Return each line exactly, beginning with the one that has "mistic ray lights shine in fog at dark" and finishing with the final line of the material. Drop any pictures.

• Source material
+ + + + +
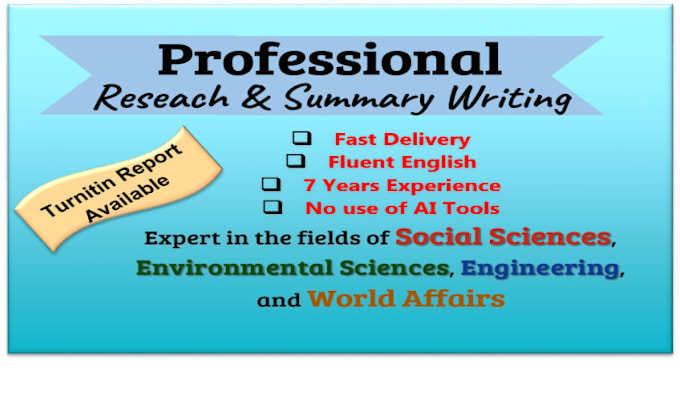 Gig Preview - Do professional research and summary writing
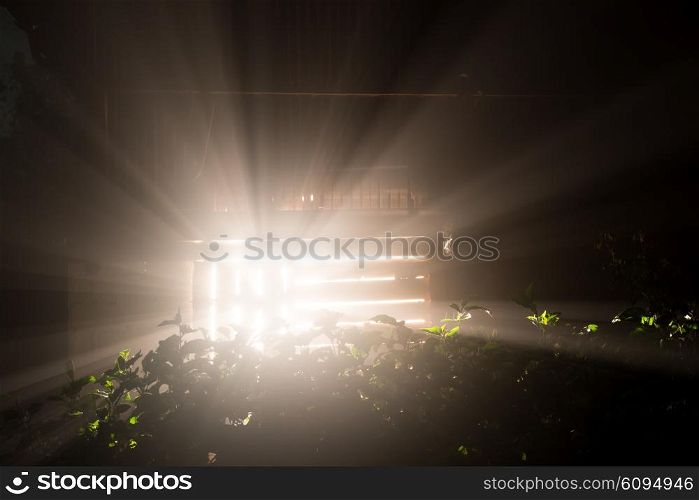 mistic ray lights shine in fog at dark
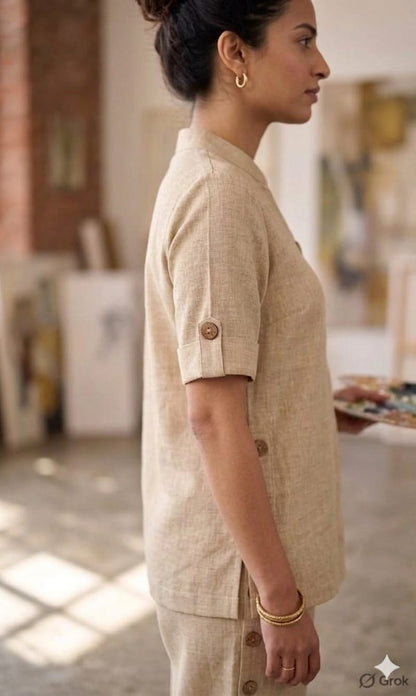 Beige Cotton Linen Co-Ord Set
+ + + + +
• Answer to this task
 mistic ray lights shine in fog at dark
 Beige Cotton Linen Co-Ord Set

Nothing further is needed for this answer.